It was an uncertain crowd in the Mojo tent on Bluesfest’s second day, as the banner raised off the back of the stage broadcast the name of a band many wouldn’t expect on the lineup: Switchfoot. Within minutes of the band’s arrival on stage, frontman Jon Foreman, had expressed genuine excitement about being at the festival as well as a deep satisfaction that he’d had a chance to surf the Gold Coast’s famous break at Snapper Rocks.
Cue Australian hospitality. “This guy’s just got out of the surf. He’s one of us.”
As if that wasn’t enough, Foreman vaults the foldback speakers and crowd barriers and proceeds to greet the crowd face to face with high-fives and handshakes, to the delight of unsuspecting punters who’d turned up at 1.30pm (a bit early by Bluesfest standards) to see who was playing “the big tent”. All of a sudden, the crowd is connected.
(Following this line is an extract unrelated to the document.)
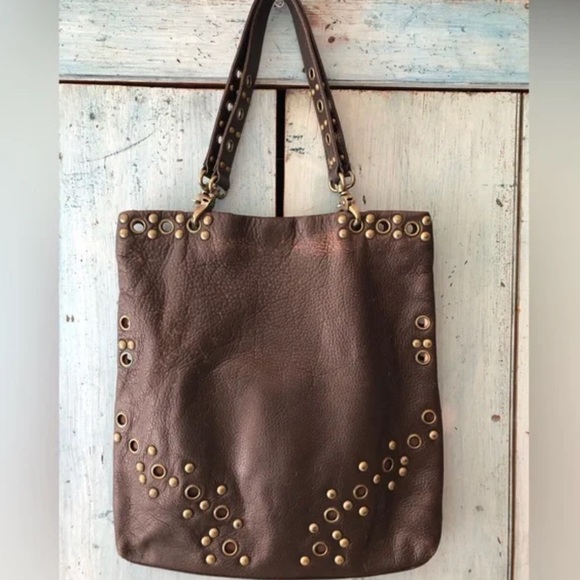 Hobo International Brown Studded Shoulder Bag
Foldover leather - Picture 1 of 6
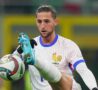 Rabiot mentre aggancia un pallone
Switchfoot are multiple Grammy Award winners who made their name, albeit possibly reluctantly, in the contemporary Christian music (CCM) scene. A few mainstream hits along with inclusion on a few high profile movie soundtracks ensured that even when commercial radio decided their tunes didn’t fit the playlist, they connected with their audience in other ways. Like when they nailed over a million YouTube hits for Awakening in only three months back in early 2007, despite the abandonment of the release by commercial radio. Clearly, with nine albums and a hectic several decades of touring, they know their craft, and it’s evident on stage.
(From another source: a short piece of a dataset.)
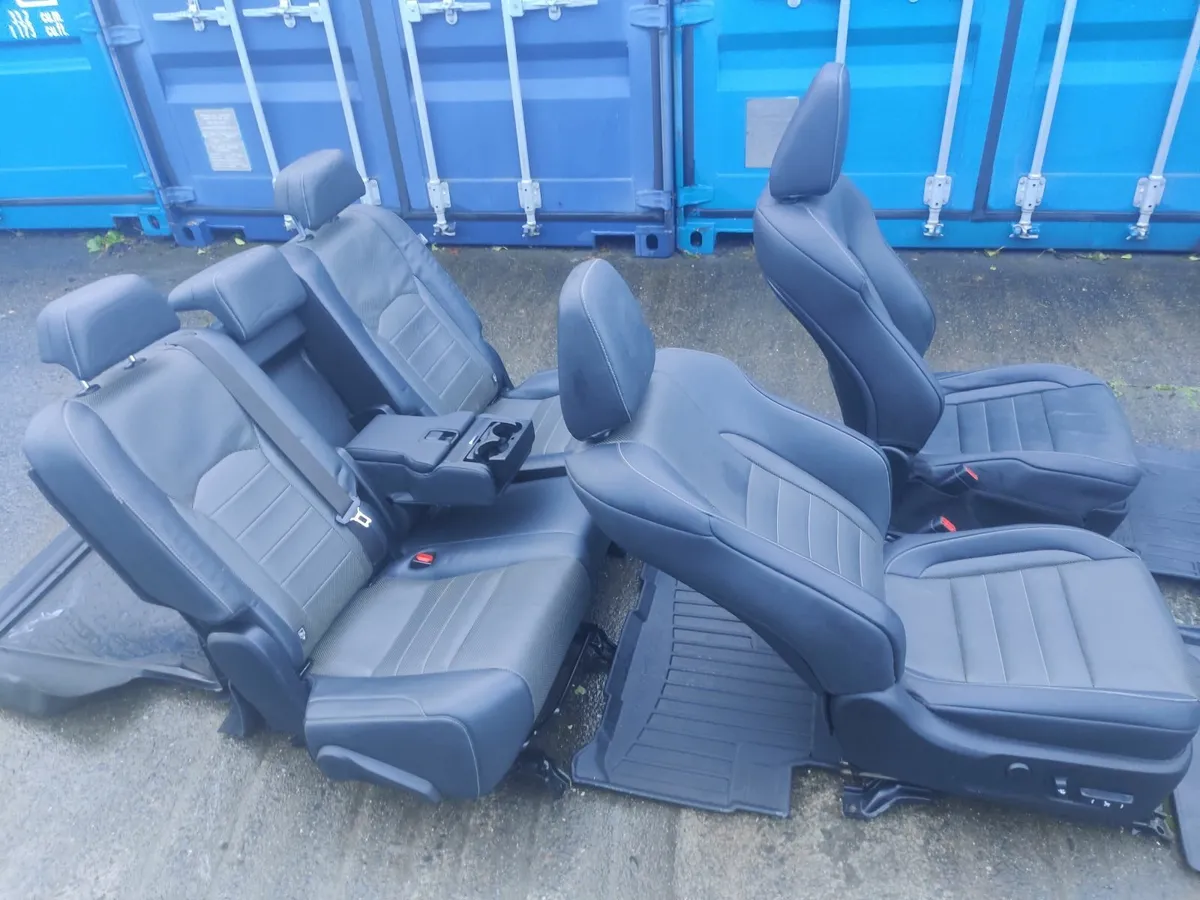 TOYOTA LANDCRUISER LWB SEATS 2010- - Image 2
Acknowledging the band’s possible anonymity at Bluesfest, Foreman jokes early on in the gig, “I understand if you don’t know the words to our songs, but I want you to know Tom Petty”, as they launch into a Petty classic. The crowd responds encouragingly. Foreman takes a moment soon after to tell a story of his daughter who, twelve months earlier while the band was on tour here in Australia, developed a condition that required a few troubling long-distance phone conversations with neurologists. The tour was cut short and Foreman invites the crowd to share his joy that his daughter is now well and that this time in Australia, one year later, is a celebration. Introducing an acoustic version of Hello Hurricane, as the band huddle around one microphone centre stage, there are tears amongst the crowd.
As the set begins to draw to a close, Jon announces that his little bass-playing brother Tim gets to pick the next song and, to the delight of the now sweaty crowd, encourages everyone to embrace and link arms and sway to Bill Withers’ classic, Lean On Me. Later in an interview, Tim would note that Withers is at the festival, prompting that song selection.
With the audience now fully engaged and anticipating a big finish, Jon doesn’t disappoint, again jumping into the crowd and climbing the tent’s supporting frame not far from the sound desk. Exclaiming “the view’s pretty good up here” mid-song, he eventually finds his way back to the stage and the band finish up with the well-known Dare You To Move, to cheers from a considerable number of new fans.
While an unexpected inclusion on the Bluesfest lineup, Switchfoot adapted to the crowd well and delivered an early surprise with an energetic set in a very impressive Mojo tent schedule on the second day of the Byron Bay festival.